Once a Runner gets all this. It presents the distance running life as overwhelmingly mundane. It is appropriate that Quenton first shatters the all-important four-minute mile not in a race but during a random training session—"Just another goddamn workout." This being a sports novel, there is a Big Race at the end where Everything is on the line. But the book's true climax comes during one of Quenton's workouts in preparation for the race, an interval session requiring 60 quarter-miles (for those of you who've done quarters workouts, no, that's not a typo). Denton forces Quenton to run the final 20 alone: "I know you can do this thing because I once did it myself," Denton tells him. "When it was over I knew some very important things." And thus it is after the workout, and not the race, that Quenton achieves true self-knowledge, the end of any novel of growth. "I know," Quenton gasps afterward. "But it is a very hard thing to have to know."

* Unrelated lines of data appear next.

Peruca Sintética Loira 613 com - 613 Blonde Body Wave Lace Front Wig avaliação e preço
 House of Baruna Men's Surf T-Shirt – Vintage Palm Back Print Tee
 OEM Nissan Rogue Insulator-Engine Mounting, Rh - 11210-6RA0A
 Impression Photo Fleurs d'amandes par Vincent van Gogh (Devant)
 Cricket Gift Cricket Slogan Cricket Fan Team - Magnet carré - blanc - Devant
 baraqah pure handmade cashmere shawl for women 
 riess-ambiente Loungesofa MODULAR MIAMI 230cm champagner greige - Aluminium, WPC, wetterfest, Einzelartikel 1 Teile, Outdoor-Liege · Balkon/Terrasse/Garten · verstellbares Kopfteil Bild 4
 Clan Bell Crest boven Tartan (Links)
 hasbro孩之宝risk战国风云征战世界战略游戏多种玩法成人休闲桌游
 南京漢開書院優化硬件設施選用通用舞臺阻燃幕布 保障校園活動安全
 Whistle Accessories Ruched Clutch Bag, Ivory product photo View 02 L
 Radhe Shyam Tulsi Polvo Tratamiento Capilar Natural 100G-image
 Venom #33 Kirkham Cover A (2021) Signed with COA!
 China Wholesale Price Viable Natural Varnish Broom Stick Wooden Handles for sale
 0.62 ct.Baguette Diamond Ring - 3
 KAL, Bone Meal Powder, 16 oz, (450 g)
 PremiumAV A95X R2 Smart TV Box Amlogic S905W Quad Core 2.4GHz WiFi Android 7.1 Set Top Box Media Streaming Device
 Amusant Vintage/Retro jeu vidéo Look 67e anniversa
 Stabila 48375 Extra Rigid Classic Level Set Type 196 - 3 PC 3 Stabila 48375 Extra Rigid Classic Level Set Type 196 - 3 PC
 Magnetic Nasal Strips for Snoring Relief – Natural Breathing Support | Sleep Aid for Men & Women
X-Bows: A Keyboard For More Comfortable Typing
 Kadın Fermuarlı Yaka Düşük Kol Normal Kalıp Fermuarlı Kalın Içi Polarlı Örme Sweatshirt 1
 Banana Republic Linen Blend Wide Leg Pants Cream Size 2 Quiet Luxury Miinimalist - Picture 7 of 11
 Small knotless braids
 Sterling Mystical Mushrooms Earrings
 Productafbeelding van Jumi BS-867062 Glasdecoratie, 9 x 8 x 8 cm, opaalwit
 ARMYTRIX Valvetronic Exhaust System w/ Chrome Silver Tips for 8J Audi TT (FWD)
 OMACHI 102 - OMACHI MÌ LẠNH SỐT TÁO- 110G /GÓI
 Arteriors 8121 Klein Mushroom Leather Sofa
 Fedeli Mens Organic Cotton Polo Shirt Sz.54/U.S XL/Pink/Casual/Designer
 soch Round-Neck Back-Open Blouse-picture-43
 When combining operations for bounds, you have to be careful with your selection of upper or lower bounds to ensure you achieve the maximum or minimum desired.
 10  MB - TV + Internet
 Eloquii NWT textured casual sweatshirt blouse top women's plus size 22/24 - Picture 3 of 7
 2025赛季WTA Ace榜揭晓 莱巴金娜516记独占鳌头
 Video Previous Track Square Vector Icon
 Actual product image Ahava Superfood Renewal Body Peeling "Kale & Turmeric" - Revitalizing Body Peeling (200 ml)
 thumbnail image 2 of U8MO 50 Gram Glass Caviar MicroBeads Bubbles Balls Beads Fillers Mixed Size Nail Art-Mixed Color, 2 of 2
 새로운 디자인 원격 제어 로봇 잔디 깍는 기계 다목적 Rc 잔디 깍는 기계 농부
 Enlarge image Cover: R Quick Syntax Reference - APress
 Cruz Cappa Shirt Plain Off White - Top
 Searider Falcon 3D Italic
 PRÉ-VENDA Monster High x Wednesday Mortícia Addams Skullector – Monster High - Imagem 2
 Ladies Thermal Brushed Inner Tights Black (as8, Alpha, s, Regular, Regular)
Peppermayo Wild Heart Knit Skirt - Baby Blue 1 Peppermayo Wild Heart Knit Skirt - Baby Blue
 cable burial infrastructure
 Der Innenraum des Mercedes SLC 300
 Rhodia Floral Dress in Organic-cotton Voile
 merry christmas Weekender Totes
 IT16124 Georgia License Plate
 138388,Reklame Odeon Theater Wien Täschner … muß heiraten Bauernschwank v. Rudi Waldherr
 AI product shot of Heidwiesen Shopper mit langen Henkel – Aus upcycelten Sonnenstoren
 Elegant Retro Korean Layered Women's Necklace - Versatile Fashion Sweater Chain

The forthcoming edition is by far the handsomest copy of Once a Runner I've seen, but a part of me wishes the novel had stayed out-of-print. Not everyone is up for the running life, and not everyone should be able to get their hands on this book. It should take effort, whether that means borrowing (or stealing) it from someone or saving up $77.98. Once a Runner's portrait of running may smack of elitism, but it is a democratic elitism: Not everyone can be a runner, but a runner can come from anywhere.